158 In the middle of 1992, Mr Cormack instructed Mr Rawnsley to meet competitors' prices, or if necessary, to just beat those prices by the smallest margins; and although Mr Rawnsley should not try to lead the market price down, if he had to drop his prices to win business, he should do this by pricing only slightly below a competitor (C 4, par 6.19).
159 Mr Vella was then instructed by Mr Cormack and Mr Rawnsley that BBM had to increase its market share and production volume in Victoria. Mr Vella was instructed "not to lose a block job to Pioneer". Mr Vella's evidence was that in the period 1993 - 1996, Pioneer was BBM's "major competitor" in Victoria in respect of block, and that there had "always been a lot of competitive rivalry between the two companies" (C 13, par 76).
160 BBM's strategy did achieve an increase in its market share to more than 30 per cent by December 1993 and this was maintained through to 1996, at the end of the relevant period (G 36). The evidence of Mr Cormack and of Mr Rawnsley was that BBM's share during the relevant period was around 35 per cent (T pp 568, 726).
161 In August 1992, Mr Cormack instructed Mr Rawnsley to "knock off C & M at any price" (G 523 - 008).
162 Although BBM saw Pioneer, rather than C & M, as "the enemy", in February 1993 BBM viewed C & M "as a major frightening threat" (T p 726). At that time, Mr Rawnsley, anticipating C & M's start-up at Campbellfield in April 1993, was "targeting" C & M (T p 790) and informed Mr Cormack that "[t]he [price] war is on from 1/4 [1st April 1993]" (G 542).
163 In late 1993, a major price war in block in Victoria developed between BBM, Pioneer Rocla and Budget.
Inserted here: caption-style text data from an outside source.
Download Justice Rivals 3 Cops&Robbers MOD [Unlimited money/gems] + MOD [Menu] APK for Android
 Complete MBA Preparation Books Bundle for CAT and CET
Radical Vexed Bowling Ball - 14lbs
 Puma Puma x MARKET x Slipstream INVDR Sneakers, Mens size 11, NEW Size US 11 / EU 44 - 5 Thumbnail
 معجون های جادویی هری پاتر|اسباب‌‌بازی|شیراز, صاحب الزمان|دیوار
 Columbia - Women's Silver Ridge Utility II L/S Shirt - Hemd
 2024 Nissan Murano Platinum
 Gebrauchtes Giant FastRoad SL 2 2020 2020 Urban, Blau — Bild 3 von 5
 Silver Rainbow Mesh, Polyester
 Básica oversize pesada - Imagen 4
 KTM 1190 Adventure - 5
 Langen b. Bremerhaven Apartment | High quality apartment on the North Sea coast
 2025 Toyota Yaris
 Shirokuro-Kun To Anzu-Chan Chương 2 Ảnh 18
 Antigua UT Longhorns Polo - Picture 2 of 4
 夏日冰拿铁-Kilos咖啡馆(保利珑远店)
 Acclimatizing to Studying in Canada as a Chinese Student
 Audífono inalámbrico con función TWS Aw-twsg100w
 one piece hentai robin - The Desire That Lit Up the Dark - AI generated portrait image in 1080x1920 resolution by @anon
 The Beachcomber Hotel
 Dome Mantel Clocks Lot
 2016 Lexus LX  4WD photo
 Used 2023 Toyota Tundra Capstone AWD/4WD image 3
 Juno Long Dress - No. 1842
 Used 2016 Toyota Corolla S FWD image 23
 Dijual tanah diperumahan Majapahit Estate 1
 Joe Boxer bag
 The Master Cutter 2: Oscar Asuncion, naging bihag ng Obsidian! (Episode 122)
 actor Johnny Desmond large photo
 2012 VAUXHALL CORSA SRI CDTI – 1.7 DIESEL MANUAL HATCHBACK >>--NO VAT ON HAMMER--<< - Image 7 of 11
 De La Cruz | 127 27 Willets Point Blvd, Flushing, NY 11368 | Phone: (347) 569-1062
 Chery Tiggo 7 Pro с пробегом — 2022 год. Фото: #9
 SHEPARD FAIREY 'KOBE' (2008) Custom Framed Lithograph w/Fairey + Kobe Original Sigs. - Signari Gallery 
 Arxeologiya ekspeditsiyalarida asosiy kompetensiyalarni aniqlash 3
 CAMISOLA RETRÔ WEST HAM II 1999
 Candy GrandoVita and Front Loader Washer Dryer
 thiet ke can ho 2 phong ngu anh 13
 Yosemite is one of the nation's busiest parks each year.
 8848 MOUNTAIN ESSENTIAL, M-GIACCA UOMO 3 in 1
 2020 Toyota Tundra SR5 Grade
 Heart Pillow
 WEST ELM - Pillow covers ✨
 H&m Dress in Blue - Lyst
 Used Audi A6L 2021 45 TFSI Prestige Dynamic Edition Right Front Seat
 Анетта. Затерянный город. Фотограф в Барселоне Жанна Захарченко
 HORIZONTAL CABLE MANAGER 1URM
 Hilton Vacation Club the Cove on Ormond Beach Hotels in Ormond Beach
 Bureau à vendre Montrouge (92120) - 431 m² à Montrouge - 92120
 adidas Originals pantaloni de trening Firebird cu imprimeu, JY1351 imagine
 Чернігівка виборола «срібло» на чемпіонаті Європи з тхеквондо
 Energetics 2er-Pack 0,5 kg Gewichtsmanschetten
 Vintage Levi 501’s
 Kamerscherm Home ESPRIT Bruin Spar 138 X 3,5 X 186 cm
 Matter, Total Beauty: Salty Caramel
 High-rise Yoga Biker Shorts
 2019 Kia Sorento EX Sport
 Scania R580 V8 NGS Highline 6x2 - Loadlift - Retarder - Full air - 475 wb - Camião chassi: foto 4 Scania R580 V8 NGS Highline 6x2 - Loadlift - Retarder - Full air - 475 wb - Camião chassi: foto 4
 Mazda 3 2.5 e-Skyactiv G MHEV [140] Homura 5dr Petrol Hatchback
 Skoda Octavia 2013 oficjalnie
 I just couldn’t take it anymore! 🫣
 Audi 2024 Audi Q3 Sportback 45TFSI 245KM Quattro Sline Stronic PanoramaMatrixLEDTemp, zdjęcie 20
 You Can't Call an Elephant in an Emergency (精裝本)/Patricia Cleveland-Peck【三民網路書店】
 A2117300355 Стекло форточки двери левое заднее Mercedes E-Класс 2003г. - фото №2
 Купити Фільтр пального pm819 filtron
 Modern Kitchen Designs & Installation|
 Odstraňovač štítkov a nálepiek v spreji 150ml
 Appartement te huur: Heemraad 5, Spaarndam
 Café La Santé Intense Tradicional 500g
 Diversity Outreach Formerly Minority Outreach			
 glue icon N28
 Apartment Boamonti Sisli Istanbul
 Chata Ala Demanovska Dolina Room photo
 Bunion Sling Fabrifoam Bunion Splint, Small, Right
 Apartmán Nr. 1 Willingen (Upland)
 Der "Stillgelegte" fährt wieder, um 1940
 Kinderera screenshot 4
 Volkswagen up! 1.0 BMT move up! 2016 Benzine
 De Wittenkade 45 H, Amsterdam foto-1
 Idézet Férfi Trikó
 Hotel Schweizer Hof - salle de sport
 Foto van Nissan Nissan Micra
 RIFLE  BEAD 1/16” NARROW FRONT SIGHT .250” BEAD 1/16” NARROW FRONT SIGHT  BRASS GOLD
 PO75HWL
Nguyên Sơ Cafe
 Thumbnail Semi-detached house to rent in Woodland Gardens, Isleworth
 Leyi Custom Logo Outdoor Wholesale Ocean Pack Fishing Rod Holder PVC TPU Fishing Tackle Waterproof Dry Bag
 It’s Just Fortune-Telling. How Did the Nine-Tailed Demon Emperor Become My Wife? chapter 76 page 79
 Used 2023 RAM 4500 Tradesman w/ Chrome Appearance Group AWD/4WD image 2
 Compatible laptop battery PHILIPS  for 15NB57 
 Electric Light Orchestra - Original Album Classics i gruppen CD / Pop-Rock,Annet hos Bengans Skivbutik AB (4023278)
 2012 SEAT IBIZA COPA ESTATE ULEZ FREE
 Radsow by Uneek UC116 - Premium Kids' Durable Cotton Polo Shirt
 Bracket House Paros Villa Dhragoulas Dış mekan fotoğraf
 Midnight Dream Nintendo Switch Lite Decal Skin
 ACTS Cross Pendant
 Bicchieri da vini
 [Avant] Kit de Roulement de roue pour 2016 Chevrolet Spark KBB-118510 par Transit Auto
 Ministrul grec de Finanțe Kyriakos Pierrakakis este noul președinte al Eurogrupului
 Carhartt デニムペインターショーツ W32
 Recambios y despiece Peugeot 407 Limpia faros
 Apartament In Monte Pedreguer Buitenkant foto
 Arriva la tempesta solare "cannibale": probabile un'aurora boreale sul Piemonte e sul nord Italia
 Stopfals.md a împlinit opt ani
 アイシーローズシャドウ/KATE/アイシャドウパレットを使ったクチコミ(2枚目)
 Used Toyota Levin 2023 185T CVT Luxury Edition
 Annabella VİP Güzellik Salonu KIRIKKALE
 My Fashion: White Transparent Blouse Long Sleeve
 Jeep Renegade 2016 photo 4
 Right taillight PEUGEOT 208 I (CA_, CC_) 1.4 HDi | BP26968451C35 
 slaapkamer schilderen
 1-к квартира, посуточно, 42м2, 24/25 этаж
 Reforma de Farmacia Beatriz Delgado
The causes were Rocla's quotation on the Eastland Project, the distribution of Pioneer's October 1993 price list, and the entry of C & M into the market (C 5, pars 112 - 113).
164 In 1993 - 1994, BBM believed that there was excess capacity in the industry and too many players; so that it was essential that there be a rationalisation of the market, which should lead to the exit of players such as Budget and C & M, whose access to financial resources was less than that of BBM, Pioneer and Rocla; and the return of "stability" to the market (T p 764).
165 In BBM's Strategic Business Plan - Review and Update for 1993/4 (prepared in October 1993) (G 569), it was noted that the Victorian market had "recovered strongly"; that its market share was "estimated at 35 per cent and growing"; that BBM's volumes had been driven by price and perceived service and there was now evidence that this strategy was bearing fruit; that the volume projected for 1993 was a 40 per cent increase on 1992; and that the advent of C & M -
"... initially drove prices down but it is now strongly rumoured ... that [C & M] is in severe financial difficulty .... Budget are known to be in a similar position [and] ... Rocla ... and Pioneer ... are known to be reeling from our assault on the market... This market is now being heavily targeted with good results".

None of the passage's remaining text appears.